(Items listed in a dataset)
== Segment start ==
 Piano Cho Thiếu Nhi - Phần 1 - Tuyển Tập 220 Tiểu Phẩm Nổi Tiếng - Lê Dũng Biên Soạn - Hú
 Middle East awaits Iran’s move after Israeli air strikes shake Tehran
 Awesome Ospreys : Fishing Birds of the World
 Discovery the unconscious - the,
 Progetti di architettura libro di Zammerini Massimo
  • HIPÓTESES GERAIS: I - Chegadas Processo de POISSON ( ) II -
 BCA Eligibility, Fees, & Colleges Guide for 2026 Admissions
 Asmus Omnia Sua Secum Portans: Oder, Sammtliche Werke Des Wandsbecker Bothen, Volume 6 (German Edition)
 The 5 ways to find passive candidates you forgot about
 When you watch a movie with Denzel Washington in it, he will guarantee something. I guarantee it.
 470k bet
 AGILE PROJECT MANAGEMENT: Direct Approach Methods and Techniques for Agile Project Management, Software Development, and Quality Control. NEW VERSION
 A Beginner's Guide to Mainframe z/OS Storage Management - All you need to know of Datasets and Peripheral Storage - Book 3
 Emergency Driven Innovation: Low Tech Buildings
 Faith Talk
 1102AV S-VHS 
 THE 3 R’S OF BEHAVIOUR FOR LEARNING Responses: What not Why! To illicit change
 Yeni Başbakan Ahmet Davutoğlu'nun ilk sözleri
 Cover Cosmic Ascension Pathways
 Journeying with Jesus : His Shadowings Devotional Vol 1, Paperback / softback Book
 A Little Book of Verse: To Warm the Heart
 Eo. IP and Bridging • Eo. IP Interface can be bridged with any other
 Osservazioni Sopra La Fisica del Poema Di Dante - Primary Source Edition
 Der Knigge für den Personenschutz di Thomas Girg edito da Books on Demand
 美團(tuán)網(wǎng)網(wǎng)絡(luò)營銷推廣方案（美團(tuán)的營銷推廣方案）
== Segment end ==
* _What needs to be done_
In the lines above, spot each one that contains the word "with" and copy it.

* _Answer space_
 When you watch a movie with Denzel Washington in it, he will guarantee something. I guarantee it.
 Journeying with Jesus : His Shadowings Devotional Vol 1, Paperback / softback Book
 Eo. IP and Bridging • Eo. IP Interface can be bridged with any other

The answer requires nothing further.